This was a very simple example to get started with Docker. If you want to dive a little deeper, you can deploy a trained ML model with FastAPI via a container.
4 — Your 101 Cheatsheet: The most important Docker commands & concepts at a glance
You can actually think of a container like a shipping container. Regardless of whether you load it onto a ship (local computer), a truck (cloud server) or a train (data center) — the content always remains the same.
The most important Docker terms
- Container: Lightweight, isolated environment for applications that contains all dependencies.
- Docker: The most popular container platform that allows you to create and manage containers.
- Docker Image: A read-only template that contains code, dependencies and system libraries.
- Dockerfile: Text file with commands to create a Docker image.
- Kubernetes: Orchestration tool to manage many containers automatically.
The basic concepts behind containers
- Isolation: Each container contains its own processes, libraries and dependencies
- Portability: Containers run wherever a container runtime is installed.
- Reproducibility: You can create a container once and it runs exactly the same everywhere.
The most basic Docker commands
docker --version # Check if Docker is installed
docker ps # Show running containers
docker ps -a # Show all containers (including stopped ones)
docker images # List of all available images
docker info # Show system information about the Docker installation
docker run hello-world # Start a test container
docker run -d -p 8080:80 nginx # Start Nginx in the background (-d) with port forwarding
docker run -it ubuntu bash # Start interactive Ubuntu container with bash
docker pull ubuntu # Load an image from Docker Hub
docker build -t my-app . # Build an image from a Dockerfile
Final Thoughts: Key takeaways as a data scientist
👉 With Containers you can solve the “It works on my machine” problem.
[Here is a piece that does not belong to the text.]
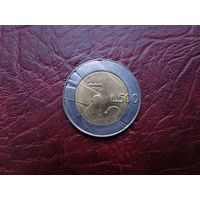 500 лир Сан-Марино 1990 г.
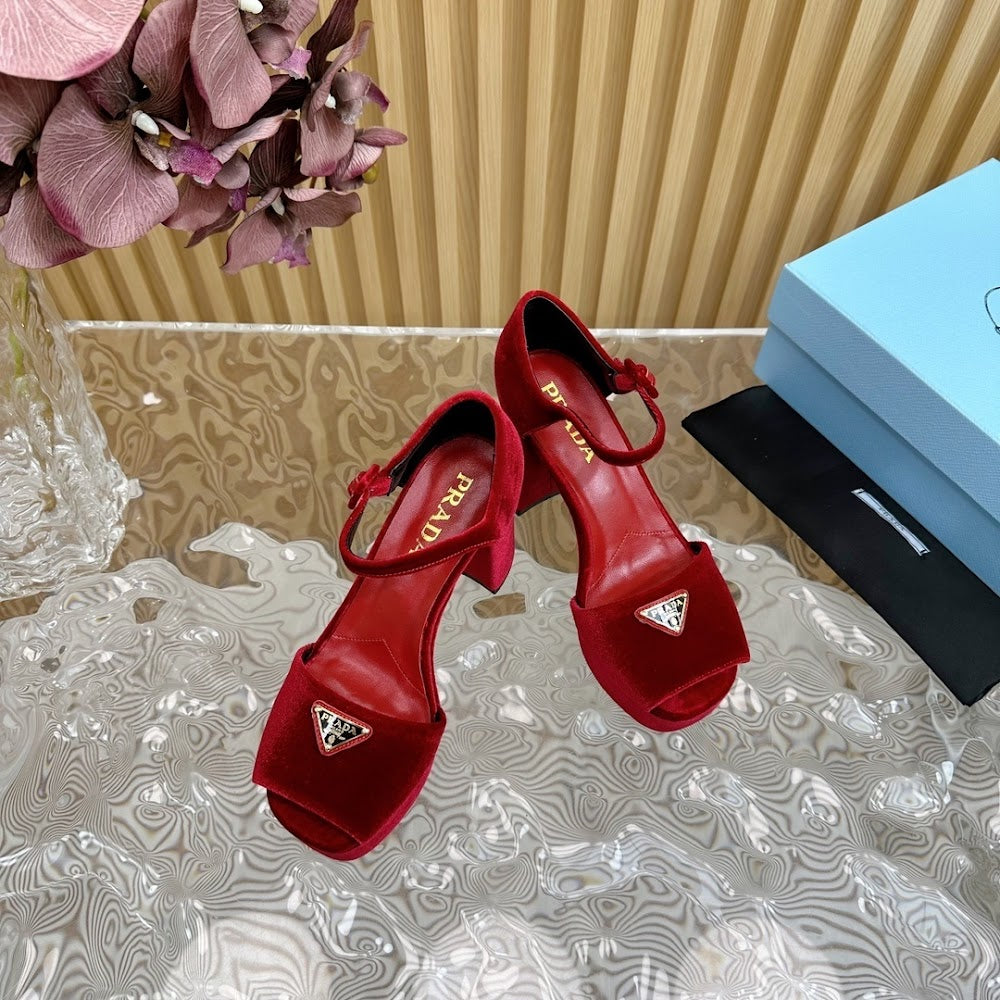 Ezyycart Bags Prada Luxury Heels --53463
Containers ensure that ML models, data pipelines, and environments run identically everywhere, independent of OS or dependencies.
👉 Containers are more lightweight and flexible than virtual machines. While VMs come with their own operating system and consume more resources, containers share the host operating system and start faster.
👉 There are three key steps when working with containers: Create a Dockerfile to define the environment, use docker build to create an image, and run it with docker run — optionally pushing it to a registry with docker push.
And then there’s Kubernetes.
A term that comes up a lot in this context: An orchestration tool that automates container management, ensuring scalability, load balancing and fault recovery. This is particularly useful for microservices and cloud applications.
Before Docker, VMs were the go-to solution (see more in ‘Virtualization & Containers for Data Science Newbiews’.) VMs offer strong isolation, but require more resources and start slower.
So, Docker was developed in 2013 by Solomon Hykes to solve this problem. Instead of virtualizing entire operating systems, containers run independently of the environment — whether on your laptop, a server or in the cloud. They contain all the necessary dependencies so that they work consistently everywhere.